• [What you need to do] Using the data that follows, output only the lines from the line with "Loxl2 Antibody Ab96233" up to and including the line with "エスボーテ(sbeaute)/ヌクレールフェイシャルワックス", exactly, leaving pictures aside.

++++++++++

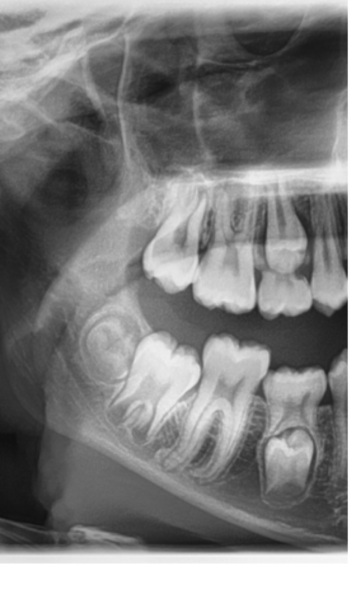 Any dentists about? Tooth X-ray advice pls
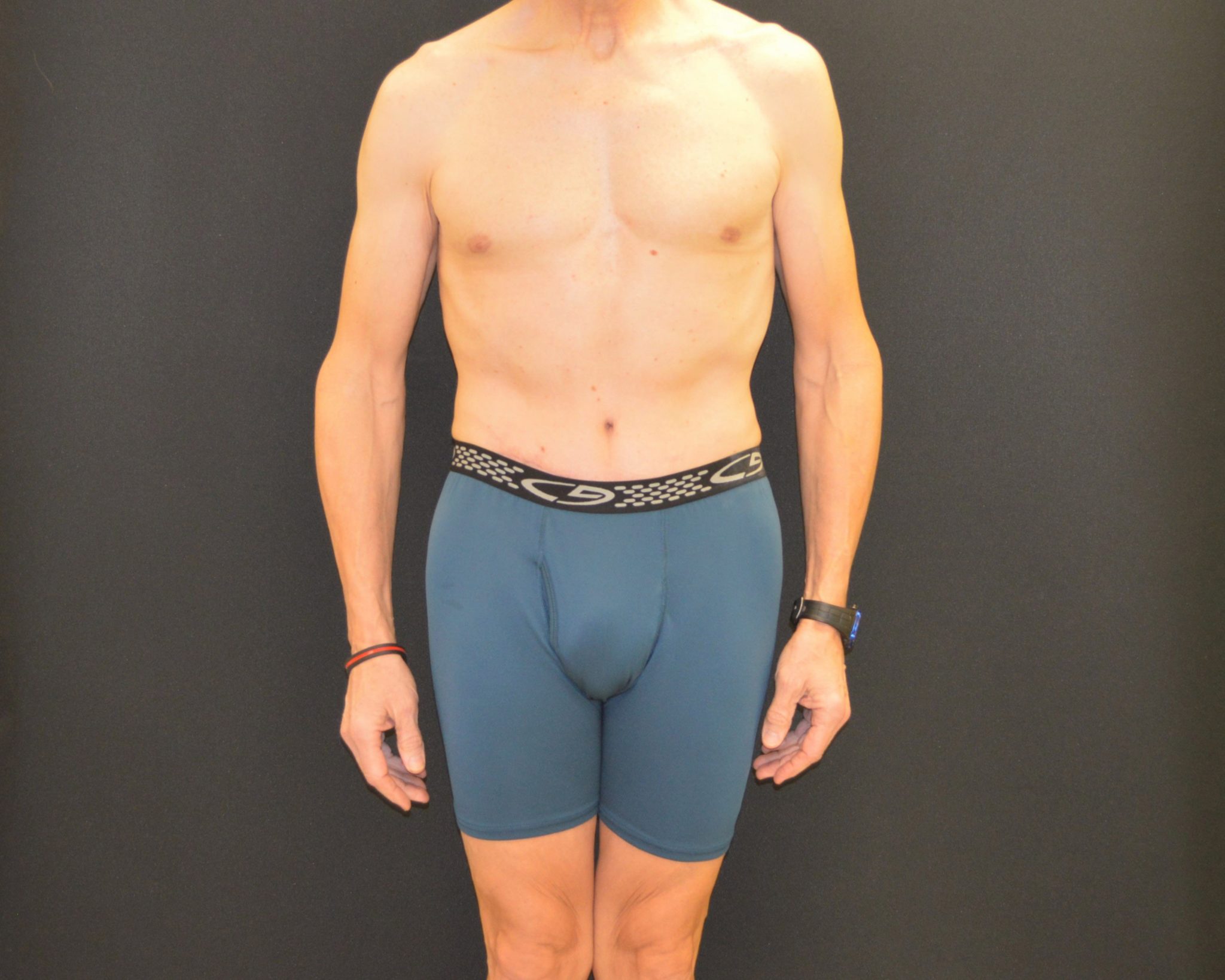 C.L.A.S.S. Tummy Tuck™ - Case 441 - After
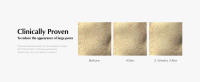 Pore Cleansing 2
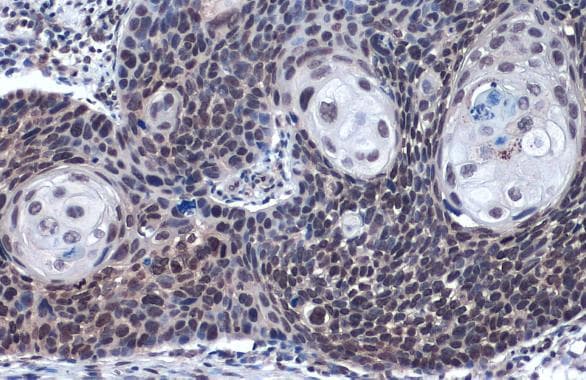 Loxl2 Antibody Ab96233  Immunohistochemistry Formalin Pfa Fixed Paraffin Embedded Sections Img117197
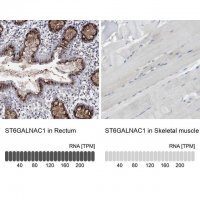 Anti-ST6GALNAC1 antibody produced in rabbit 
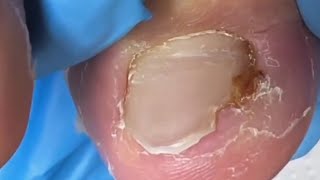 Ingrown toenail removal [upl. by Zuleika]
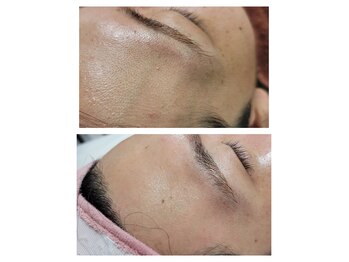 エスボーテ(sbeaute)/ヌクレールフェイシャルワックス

++++++++++

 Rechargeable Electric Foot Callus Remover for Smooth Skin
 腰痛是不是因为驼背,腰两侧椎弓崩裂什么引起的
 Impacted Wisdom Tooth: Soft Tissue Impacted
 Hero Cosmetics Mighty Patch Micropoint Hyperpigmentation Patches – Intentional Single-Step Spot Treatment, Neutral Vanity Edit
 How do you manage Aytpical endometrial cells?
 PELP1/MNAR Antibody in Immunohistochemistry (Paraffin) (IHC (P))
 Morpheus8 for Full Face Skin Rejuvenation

++++++++++

• [The completed task]
 Loxl2 Antibody Ab96233  Immunohistochemistry Formalin Pfa Fixed Paraffin Embedded Sections Img117197
 Anti-ST6GALNAC1 antibody produced in rabbit 
 Ingrown toenail removal [upl. by Zuleika]
 エスボーテ(sbeaute)/ヌクレールフェイシャルワックス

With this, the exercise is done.